In Stacy Schiff's biography of Cleopatra, I came across this epigraph from Euripides: "Man's most valuable trait is a judicious sense of what not to believe."
I have no idea which of Euripides' plays the quote is from, but it strikes me as a suitable source for reflection.
Credulity is the default state of a human life. Children are born to believe, to accept as true what they are told by adults. An innate credulity has survival value in a dangerous world. If a grown-up says "There are crocodiles in the river," it is probably best to stay out of the water.
Skepticism, on the other hand, must be learned.
I was late in realizing that I didn't have to believe the received "truth." My best teacher was a somewhat older Panamanian secular Jew I went to graduate school with at UCLA. We took our brown-bag lunches together in the university's botanical garden, and spent the hour talking about physics, religion, and the "meaning of life."
Moises was the first person I had encountered after sixteen years of Catholic education who mentioned the word "skepticism." "Why do you believe that?" he would ask, and often I had no answer except that it was what my family and teachers told me was true.
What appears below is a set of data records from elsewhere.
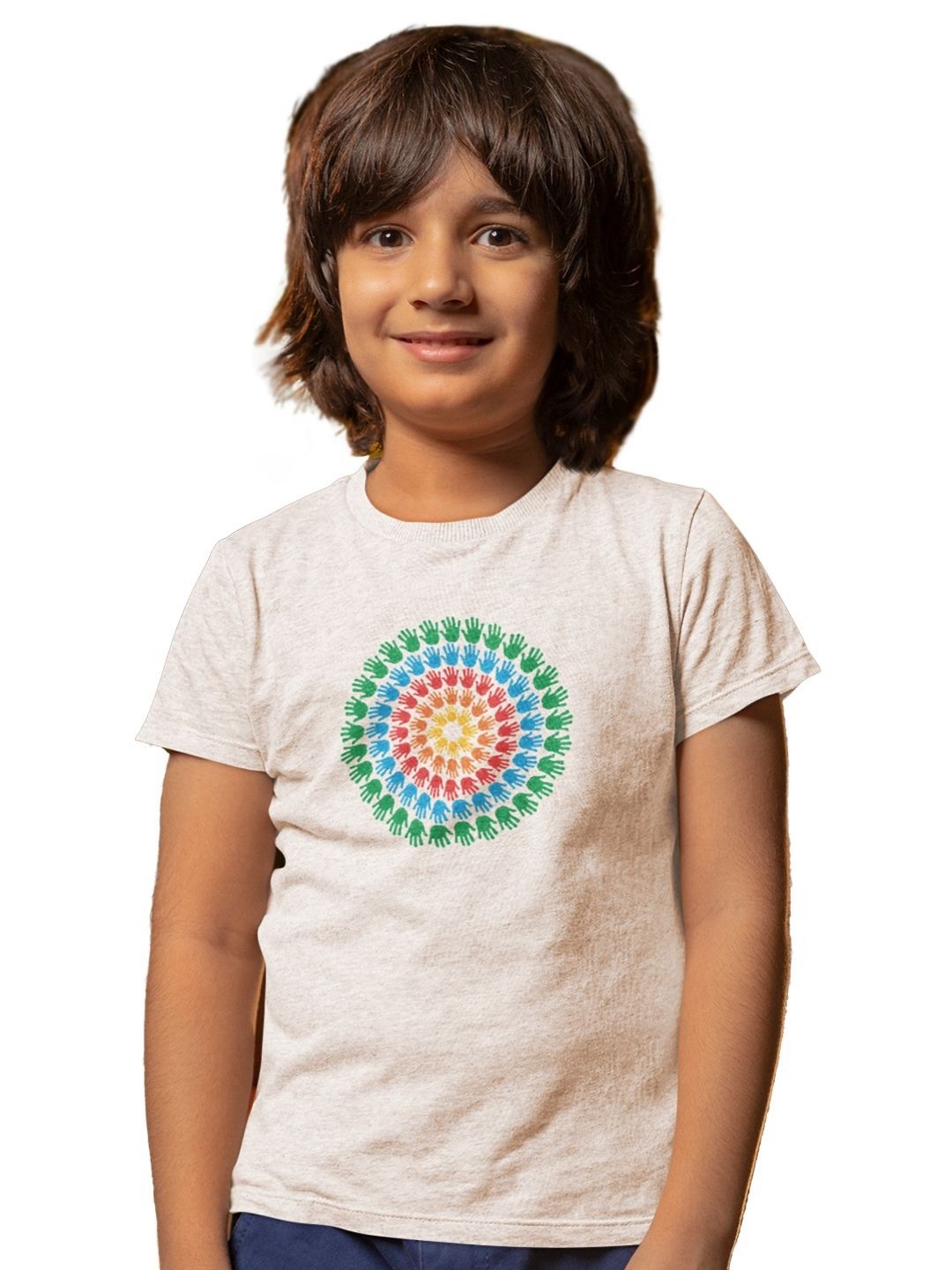 

Tantra Kids Printed Pockets T-shirt, White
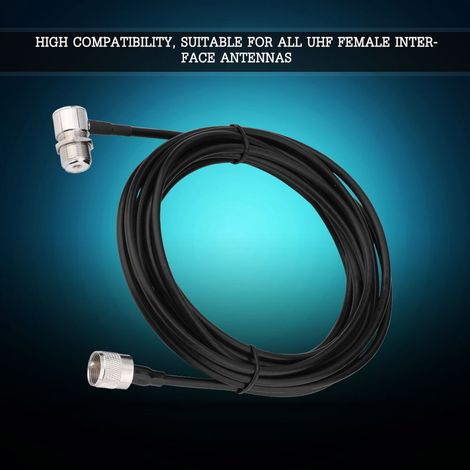 PL259 UHF 5M-Stecker für Autoradioantenne und mobiles Montagekabel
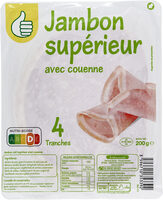 Jambon supérieur avec couenne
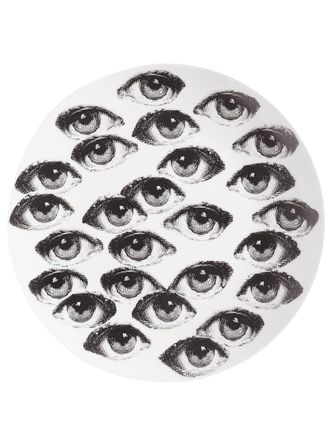 Fornasetti Piatto da parete Tema e Variazioni n.168 - Bianco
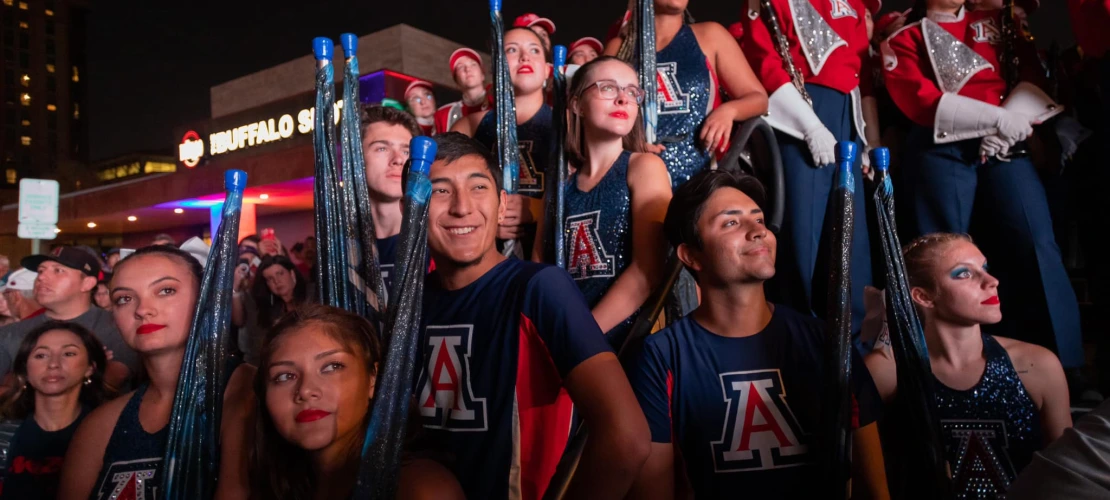 Flag twirlers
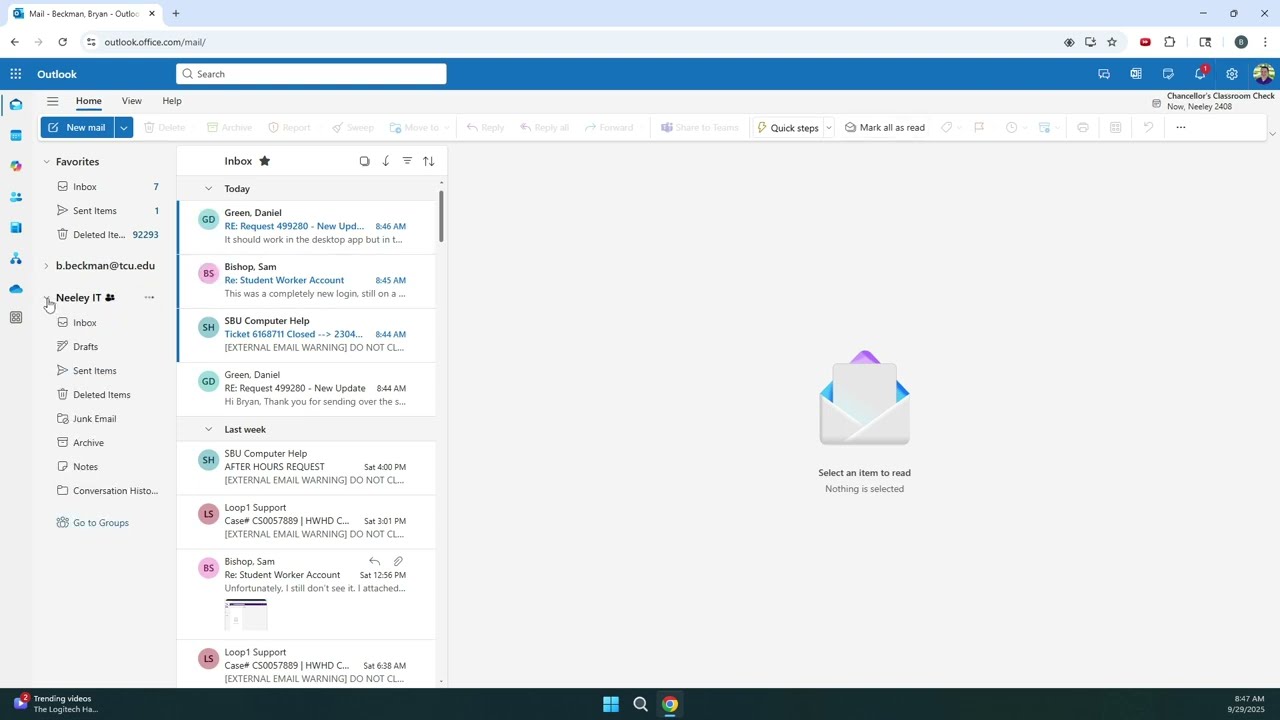 Add Shared Mailbox to Outlook Online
The idea that I might actually examine the basis for my beliefs was a rather new concept. In matters of religion, like almost everyone else in the world, I had embraced uncritically the faith story into which I was born.
And thus began my search for "a judicious sense of what not to believe." When later, as a teacher, I wrote a little column for each issue of the college newspaper, I called it Under a Skeptical Star, from a line of the Scots poet/scholar William MacNeile Dixon: "If there be a skeptical star I was born under it, yet I have lived all my days in complete astonishment."
A liberating sense of what not to believe opened the door to a vastly more interesting world whose diverse and astonishing riches I continue to explore to this day.